Saved data entries:
########################################

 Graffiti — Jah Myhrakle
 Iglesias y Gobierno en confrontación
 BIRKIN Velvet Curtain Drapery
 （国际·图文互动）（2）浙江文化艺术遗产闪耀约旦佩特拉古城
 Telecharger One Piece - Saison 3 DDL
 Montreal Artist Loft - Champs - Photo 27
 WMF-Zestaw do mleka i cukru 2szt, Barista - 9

########################################

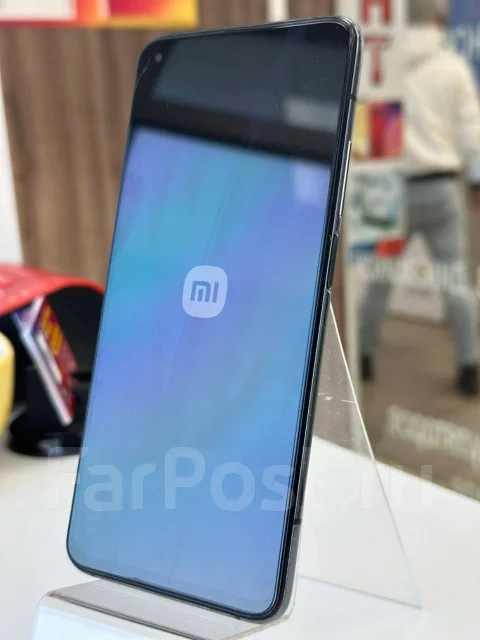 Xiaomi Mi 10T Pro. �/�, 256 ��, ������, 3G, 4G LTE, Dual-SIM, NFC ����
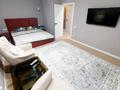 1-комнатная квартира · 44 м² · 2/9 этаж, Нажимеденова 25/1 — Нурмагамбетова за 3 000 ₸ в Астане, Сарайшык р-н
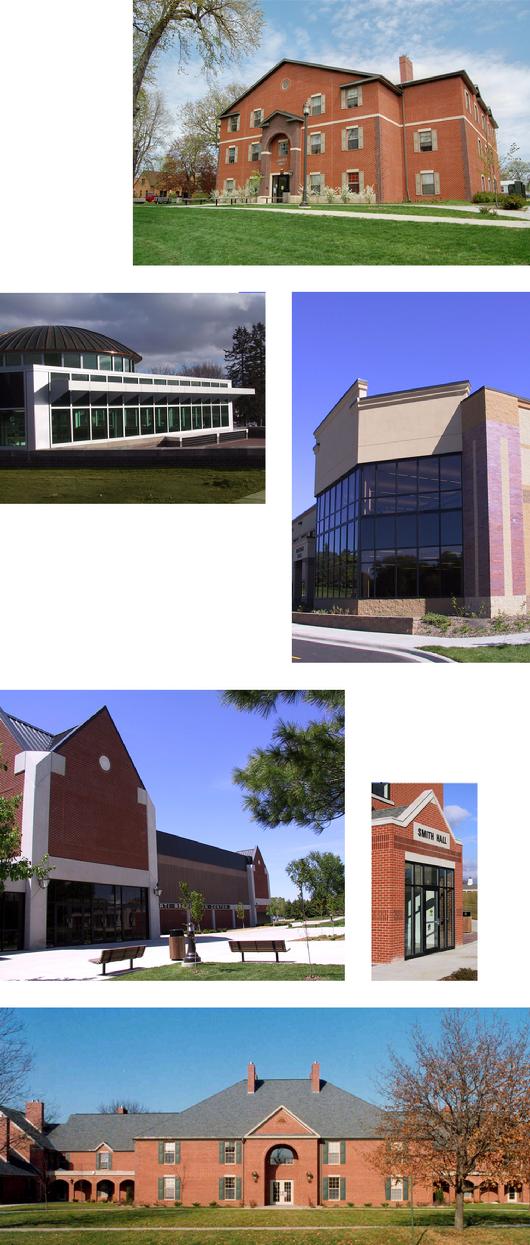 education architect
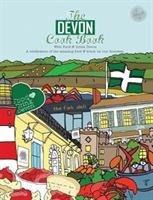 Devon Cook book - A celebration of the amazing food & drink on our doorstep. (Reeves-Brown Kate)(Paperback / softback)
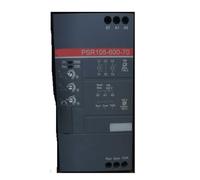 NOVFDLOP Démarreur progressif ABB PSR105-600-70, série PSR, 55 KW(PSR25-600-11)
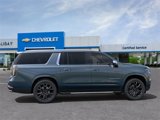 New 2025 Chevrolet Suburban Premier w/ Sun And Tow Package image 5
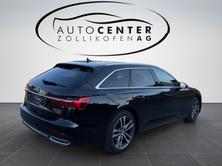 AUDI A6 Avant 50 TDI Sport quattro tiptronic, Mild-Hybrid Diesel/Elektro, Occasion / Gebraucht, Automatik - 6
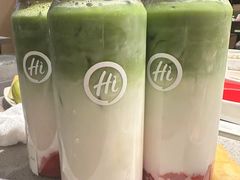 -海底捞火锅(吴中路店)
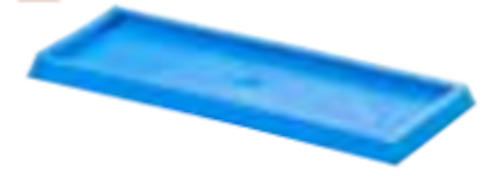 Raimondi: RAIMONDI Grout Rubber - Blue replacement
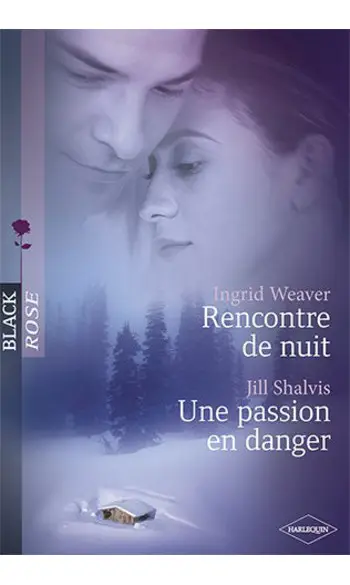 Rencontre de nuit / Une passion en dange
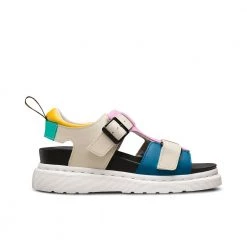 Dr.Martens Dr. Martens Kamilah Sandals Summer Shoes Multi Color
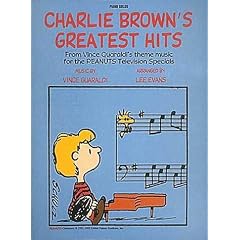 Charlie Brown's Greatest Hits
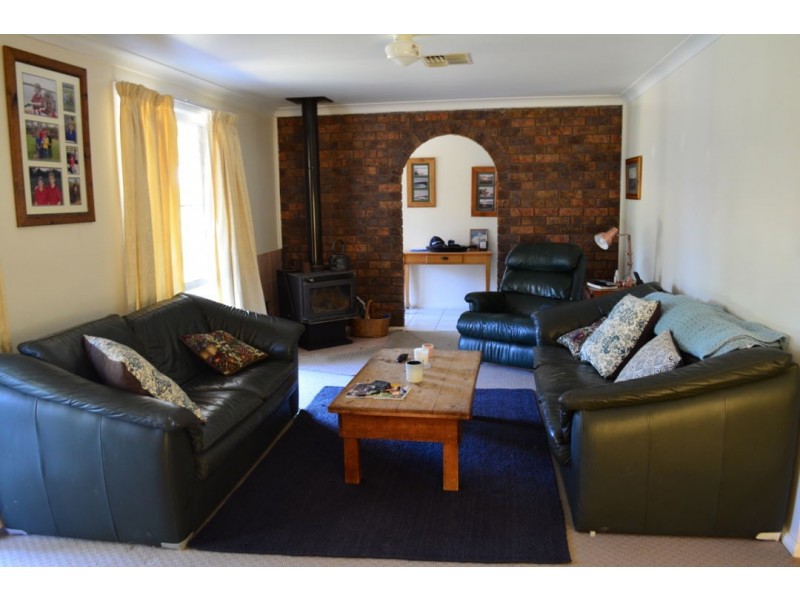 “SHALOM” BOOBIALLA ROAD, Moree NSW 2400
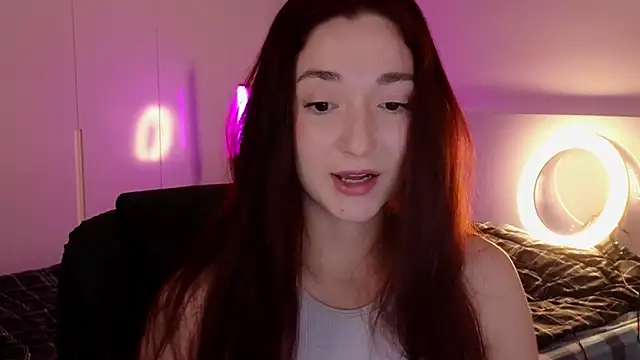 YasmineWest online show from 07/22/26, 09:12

########################################

What the task asks: Given the records above, reproduce precisely and only the lines between the line holding "Montreal Artist Loft - Champs - Photo 27" and the line holding "WMF-Zestaw do mleka", inclusive.

Answer space:
 Montreal Artist Loft - Champs - Photo 27
 WMF-Zestaw do mleka i cukru 2szt, Barista - 9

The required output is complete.